== Data to use

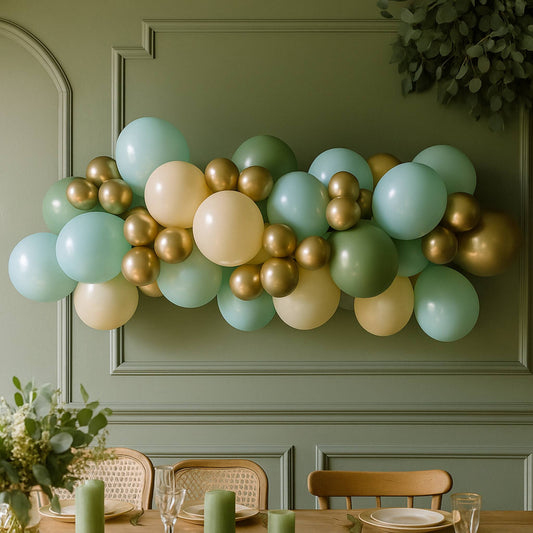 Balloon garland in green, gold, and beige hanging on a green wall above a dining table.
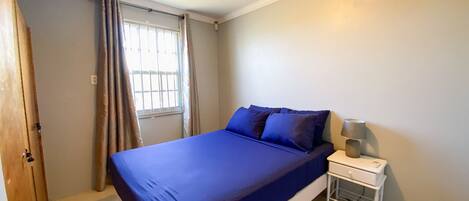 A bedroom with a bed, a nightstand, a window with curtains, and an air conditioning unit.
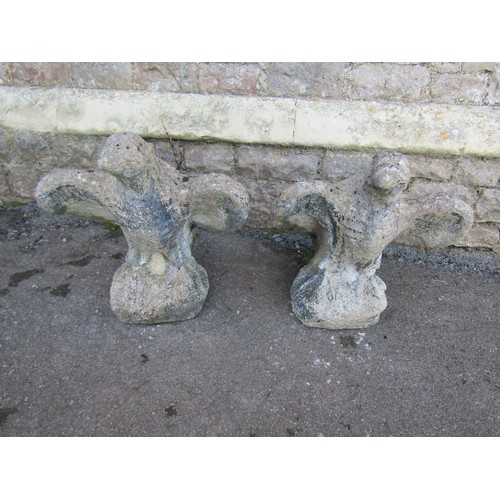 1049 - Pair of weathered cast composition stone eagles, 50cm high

====
== Data to use

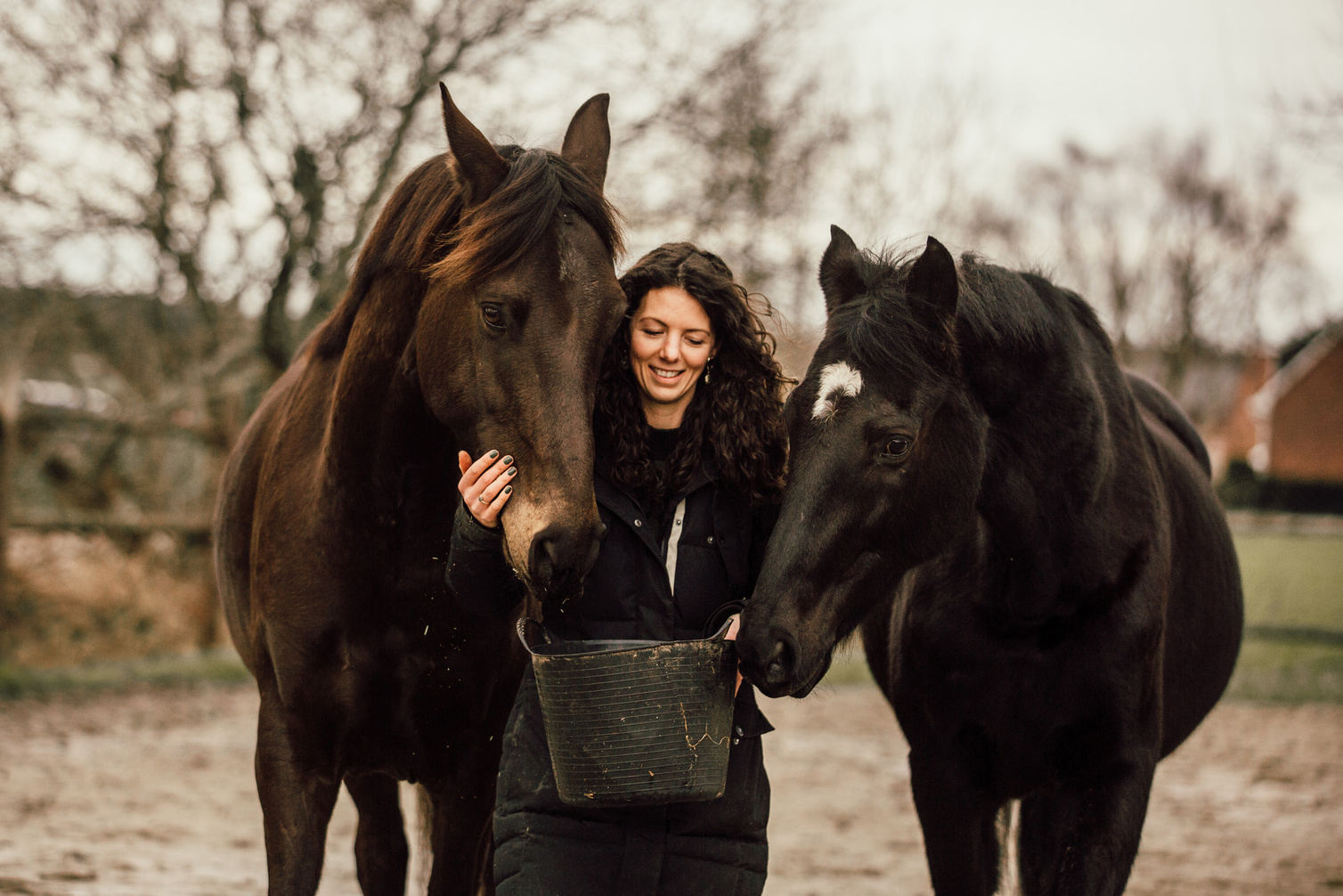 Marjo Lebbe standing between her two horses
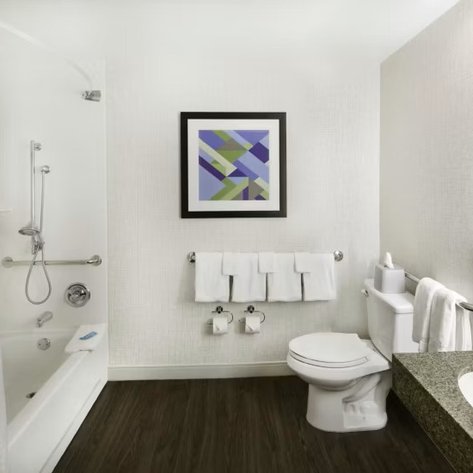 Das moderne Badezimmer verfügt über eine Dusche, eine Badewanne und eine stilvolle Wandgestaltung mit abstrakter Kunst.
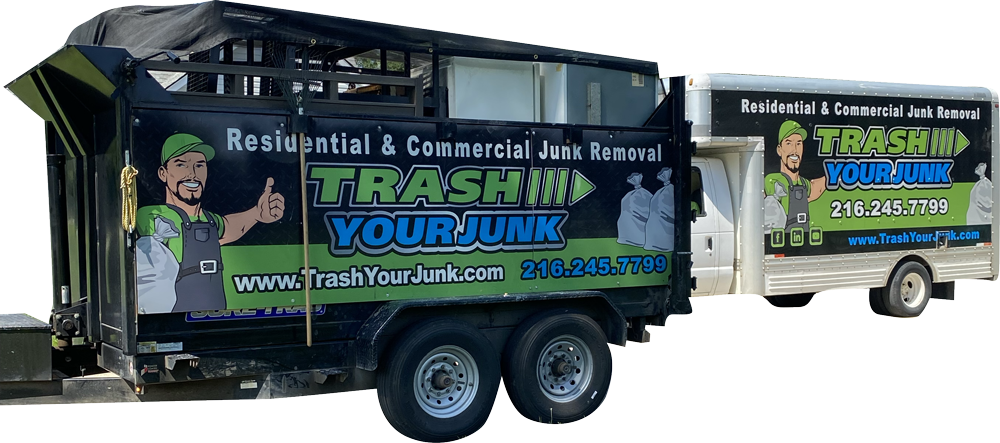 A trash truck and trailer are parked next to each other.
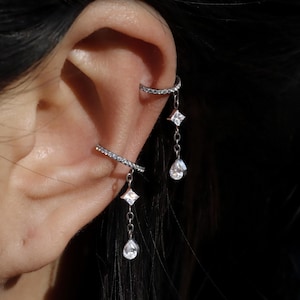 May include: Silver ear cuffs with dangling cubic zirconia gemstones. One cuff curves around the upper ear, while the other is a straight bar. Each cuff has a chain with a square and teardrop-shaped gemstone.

====
== Data to use

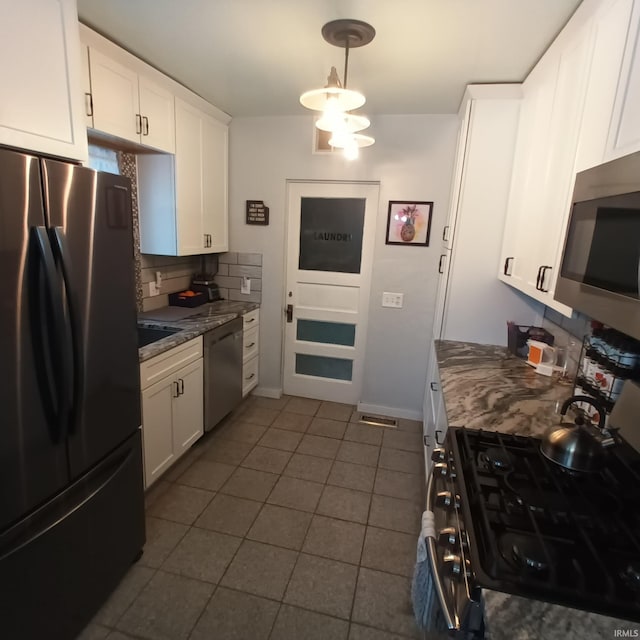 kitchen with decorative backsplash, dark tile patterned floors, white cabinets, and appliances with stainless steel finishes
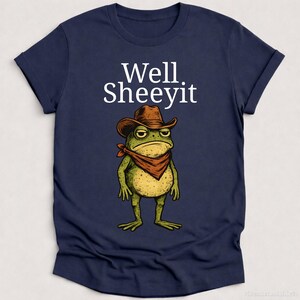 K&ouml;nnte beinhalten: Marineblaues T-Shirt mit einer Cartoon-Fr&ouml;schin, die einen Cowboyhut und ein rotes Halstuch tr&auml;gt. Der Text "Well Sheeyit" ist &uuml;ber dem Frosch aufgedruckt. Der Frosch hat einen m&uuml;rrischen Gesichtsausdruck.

====

Using the data above, transcribe exactly the lines between those containing "Balloon garland in" and "1049 - Pair", inclusive, and leave every picture behind.

**The completed task:**
 Balloon garland in green, gold, and beige hanging on a green wall above a dining table.
 A bedroom with a bed, a nightstand, a window with curtains, and an air conditioning unit.
 1049 - Pair of weathered cast composition stone eagles, 50cm high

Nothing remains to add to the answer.